§ **Task description**:
Write out the records below once more, exactly and completely.
Source data START
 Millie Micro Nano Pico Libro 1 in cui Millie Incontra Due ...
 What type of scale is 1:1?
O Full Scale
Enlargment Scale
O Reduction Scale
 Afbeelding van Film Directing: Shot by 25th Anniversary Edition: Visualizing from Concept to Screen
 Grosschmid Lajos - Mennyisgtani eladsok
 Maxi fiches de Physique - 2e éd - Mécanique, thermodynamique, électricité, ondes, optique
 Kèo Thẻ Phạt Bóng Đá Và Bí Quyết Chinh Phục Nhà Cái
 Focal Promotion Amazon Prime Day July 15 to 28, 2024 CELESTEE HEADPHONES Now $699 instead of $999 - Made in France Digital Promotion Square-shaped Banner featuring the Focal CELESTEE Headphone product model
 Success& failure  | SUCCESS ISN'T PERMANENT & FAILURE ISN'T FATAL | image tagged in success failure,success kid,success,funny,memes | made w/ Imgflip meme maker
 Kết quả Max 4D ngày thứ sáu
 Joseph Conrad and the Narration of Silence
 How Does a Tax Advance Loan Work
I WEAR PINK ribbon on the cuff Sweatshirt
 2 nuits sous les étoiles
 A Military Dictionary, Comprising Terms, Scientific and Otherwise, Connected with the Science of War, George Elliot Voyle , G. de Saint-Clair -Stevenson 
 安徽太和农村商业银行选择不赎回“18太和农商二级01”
Source data END
§ **Response**:
 Millie Micro Nano Pico Libro 1 in cui Millie Incontra Due ...
 What type of scale is 1:1?
O Full Scale
Enlargment Scale
O Reduction Scale
 Afbeelding van Film Directing: Shot by 25th Anniversary Edition: Visualizing from Concept to Screen
 Grosschmid Lajos - Mennyisgtani eladsok
 Maxi fiches de Physique - 2e éd - Mécanique, thermodynamique, électricité, ondes, optique
 Kèo Thẻ Phạt Bóng Đá Và Bí Quyết Chinh Phục Nhà Cái
 Focal Promotion Amazon Prime Day July 15 to 28, 2024 CELESTEE HEADPHONES Now $699 instead of $999 - Made in France Digital Promotion Square-shaped Banner featuring the Focal CELESTEE Headphone product model
 Success& failure  | SUCCESS ISN'T PERMANENT & FAILURE ISN'T FATAL | image tagged in success failure,success kid,success,funny,memes | made w/ Imgflip meme maker
 Kết quả Max 4D ngày thứ sáu
 Joseph Conrad and the Narration of Silence
 How Does a Tax Advance Loan Work
I WEAR PINK ribbon on the cuff Sweatshirt
 2 nuits sous les étoiles
 A Military Dictionary, Comprising Terms, Scientific and Otherwise, Connected with the Science of War, George Elliot Voyle , G. de Saint-Clair -Stevenson 
 安徽太和农村商业银行选择不赎回“18太和农商二级01”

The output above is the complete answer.